*Task instructions:* Every entry should be reproduced word for word.

*Excerpted records:*
▽
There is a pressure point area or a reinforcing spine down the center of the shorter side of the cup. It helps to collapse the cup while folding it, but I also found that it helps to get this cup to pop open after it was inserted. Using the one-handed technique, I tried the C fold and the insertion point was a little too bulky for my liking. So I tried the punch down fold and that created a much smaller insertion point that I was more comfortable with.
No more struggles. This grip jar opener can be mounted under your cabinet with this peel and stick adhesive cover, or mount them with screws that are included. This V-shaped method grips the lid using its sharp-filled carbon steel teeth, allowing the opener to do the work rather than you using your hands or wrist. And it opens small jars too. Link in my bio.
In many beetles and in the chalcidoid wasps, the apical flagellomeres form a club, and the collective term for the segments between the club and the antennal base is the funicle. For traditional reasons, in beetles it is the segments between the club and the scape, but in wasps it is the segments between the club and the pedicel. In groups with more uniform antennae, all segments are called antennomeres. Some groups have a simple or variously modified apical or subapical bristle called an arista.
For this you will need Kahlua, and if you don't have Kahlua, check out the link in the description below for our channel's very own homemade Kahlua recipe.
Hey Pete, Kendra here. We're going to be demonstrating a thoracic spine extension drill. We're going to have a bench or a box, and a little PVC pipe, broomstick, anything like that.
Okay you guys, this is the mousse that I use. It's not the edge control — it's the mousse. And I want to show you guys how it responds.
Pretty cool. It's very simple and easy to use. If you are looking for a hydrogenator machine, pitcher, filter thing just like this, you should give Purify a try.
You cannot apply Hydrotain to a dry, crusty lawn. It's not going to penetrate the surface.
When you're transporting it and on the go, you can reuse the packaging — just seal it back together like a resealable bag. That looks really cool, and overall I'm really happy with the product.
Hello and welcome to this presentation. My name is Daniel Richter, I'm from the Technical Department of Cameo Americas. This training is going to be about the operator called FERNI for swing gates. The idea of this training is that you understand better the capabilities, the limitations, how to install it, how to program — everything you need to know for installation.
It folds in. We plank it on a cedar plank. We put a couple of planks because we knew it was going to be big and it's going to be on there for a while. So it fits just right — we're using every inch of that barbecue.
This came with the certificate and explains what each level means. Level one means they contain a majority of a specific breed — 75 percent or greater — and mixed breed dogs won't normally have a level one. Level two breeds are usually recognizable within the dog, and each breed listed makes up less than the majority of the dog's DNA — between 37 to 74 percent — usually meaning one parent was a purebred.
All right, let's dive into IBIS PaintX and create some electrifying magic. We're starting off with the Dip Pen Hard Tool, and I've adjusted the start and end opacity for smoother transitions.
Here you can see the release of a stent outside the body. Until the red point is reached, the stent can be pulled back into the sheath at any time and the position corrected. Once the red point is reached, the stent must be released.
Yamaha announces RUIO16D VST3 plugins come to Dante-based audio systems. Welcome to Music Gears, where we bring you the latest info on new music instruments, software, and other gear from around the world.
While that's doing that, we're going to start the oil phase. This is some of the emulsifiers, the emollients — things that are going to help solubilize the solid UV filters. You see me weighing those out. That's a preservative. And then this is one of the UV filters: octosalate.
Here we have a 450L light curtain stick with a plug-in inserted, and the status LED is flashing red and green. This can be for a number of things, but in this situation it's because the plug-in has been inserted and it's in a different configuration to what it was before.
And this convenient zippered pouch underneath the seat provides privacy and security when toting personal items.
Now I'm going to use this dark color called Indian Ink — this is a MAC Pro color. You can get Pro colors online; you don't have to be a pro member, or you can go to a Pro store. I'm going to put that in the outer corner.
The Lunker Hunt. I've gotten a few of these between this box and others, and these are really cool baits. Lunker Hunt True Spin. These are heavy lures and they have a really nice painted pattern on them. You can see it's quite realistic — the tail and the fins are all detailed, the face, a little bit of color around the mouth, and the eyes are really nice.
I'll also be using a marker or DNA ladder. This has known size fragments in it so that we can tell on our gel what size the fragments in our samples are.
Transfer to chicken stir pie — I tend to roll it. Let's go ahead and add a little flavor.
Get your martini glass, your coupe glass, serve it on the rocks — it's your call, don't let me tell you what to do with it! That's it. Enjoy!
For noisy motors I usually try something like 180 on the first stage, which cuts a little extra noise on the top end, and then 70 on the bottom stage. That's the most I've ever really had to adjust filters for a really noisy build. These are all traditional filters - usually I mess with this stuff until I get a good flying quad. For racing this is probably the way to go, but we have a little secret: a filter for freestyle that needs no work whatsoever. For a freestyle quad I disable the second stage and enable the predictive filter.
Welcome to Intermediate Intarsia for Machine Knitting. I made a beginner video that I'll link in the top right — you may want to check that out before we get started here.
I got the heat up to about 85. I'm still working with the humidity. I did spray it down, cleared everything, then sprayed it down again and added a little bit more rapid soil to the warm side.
△
*Written reply:*
There is a pressure point area or a reinforcing spine down the center of the shorter side of the cup. It helps to collapse the cup while folding it, but I also found that it helps to get this cup to pop open after it was inserted. Using the one-handed technique, I tried the C fold and the insertion point was a little too bulky for my liking. So I tried the punch down fold and that created a much smaller insertion point that I was more comfortable with.
No more struggles. This grip jar opener can be mounted under your cabinet with this peel and stick adhesive cover, or mount them with screws that are included. This V-shaped method grips the lid using its sharp-filled carbon steel teeth, allowing the opener to do the work rather than you using your hands or wrist. And it opens small jars too. Link in my bio.
In many beetles and in the chalcidoid wasps, the apical flagellomeres form a club, and the collective term for the segments between the club and the antennal base is the funicle. For traditional reasons, in beetles it is the segments between the club and the scape, but in wasps it is the segments between the club and the pedicel. In groups with more uniform antennae, all segments are called antennomeres. Some groups have a simple or variously modified apical or subapical bristle called an arista.
For this you will need Kahlua, and if you don't have Kahlua, check out the link in the description below for our channel's very own homemade Kahlua recipe.
Hey Pete, Kendra here. We're going to be demonstrating a thoracic spine extension drill. We're going to have a bench or a box, and a little PVC pipe, broomstick, anything like that.
Okay you guys, this is the mousse that I use. It's not the edge control — it's the mousse. And I want to show you guys how it responds.
Pretty cool. It's very simple and easy to use. If you are looking for a hydrogenator machine, pitcher, filter thing just like this, you should give Purify a try.
You cannot apply Hydrotain to a dry, crusty lawn. It's not going to penetrate the surface.
When you're transporting it and on the go, you can reuse the packaging — just seal it back together like a resealable bag. That looks really cool, and overall I'm really happy with the product.
Hello and welcome to this presentation. My name is Daniel Richter, I'm from the Technical Department of Cameo Americas. This training is going to be about the operator called FERNI for swing gates. The idea of this training is that you understand better the capabilities, the limitations, how to install it, how to program — everything you need to know for installation.
It folds in. We plank it on a cedar plank. We put a couple of planks because we knew it was going to be big and it's going to be on there for a while. So it fits just right — we're using every inch of that barbecue.
This came with the certificate and explains what each level means. Level one means they contain a majority of a specific breed — 75 percent or greater — and mixed breed dogs won't normally have a level one. Level two breeds are usually recognizable within the dog, and each breed listed makes up less than the majority of the dog's DNA — between 37 to 74 percent — usually meaning one parent was a purebred.
All right, let's dive into IBIS PaintX and create some electrifying magic. We're starting off with the Dip Pen Hard Tool, and I've adjusted the start and end opacity for smoother transitions.
Here you can see the release of a stent outside the body. Until the red point is reached, the stent can be pulled back into the sheath at any time and the position corrected. Once the red point is reached, the stent must be released.
Yamaha announces RUIO16D VST3 plugins come to Dante-based audio systems. Welcome to Music Gears, where we bring you the latest info on new music instruments, software, and other gear from around the world.
While that's doing that, we're going to start the oil phase. This is some of the emulsifiers, the emollients — things that are going to help solubilize the solid UV filters. You see me weighing those out. That's a preservative. And then this is one of the UV filters: octosalate.
Here we have a 450L light curtain stick with a plug-in inserted, and the status LED is flashing red and green. This can be for a number of things, but in this situation it's because the plug-in has been inserted and it's in a different configuration to what it was before.
And this convenient zippered pouch underneath the seat provides privacy and security when toting personal items.
Now I'm going to use this dark color called Indian Ink — this is a MAC Pro color. You can get Pro colors online; you don't have to be a pro member, or you can go to a Pro store. I'm going to put that in the outer corner.
The Lunker Hunt. I've gotten a few of these between this box and others, and these are really cool baits. Lunker Hunt True Spin. These are heavy lures and they have a really nice painted pattern on them. You can see it's quite realistic — the tail and the fins are all detailed, the face, a little bit of color around the mouth, and the eyes are really nice.
I'll also be using a marker or DNA ladder. This has known size fragments in it so that we can tell on our gel what size the fragments in our samples are.
Transfer to chicken stir pie — I tend to roll it. Let's go ahead and add a little flavor.
Get your martini glass, your coupe glass, serve it on the rocks — it's your call, don't let me tell you what to do with it! That's it. Enjoy!
For noisy motors I usually try something like 180 on the first stage, which cuts a little extra noise on the top end, and then 70 on the bottom stage. That's the most I've ever really had to adjust filters for a really noisy build. These are all traditional filters - usually I mess with this stuff until I get a good flying quad. For racing this is probably the way to go, but we have a little secret: a filter for freestyle that needs no work whatsoever. For a freestyle quad I disable the second stage and enable the predictive filter.
Welcome to Intermediate Intarsia for Machine Knitting. I made a beginner video that I'll link in the top right — you may want to check that out before we get started here.
I got the heat up to about 85. I'm still working with the humidity. I did spray it down, cleared everything, then sprayed it down again and added a little bit more rapid soil to the warm side.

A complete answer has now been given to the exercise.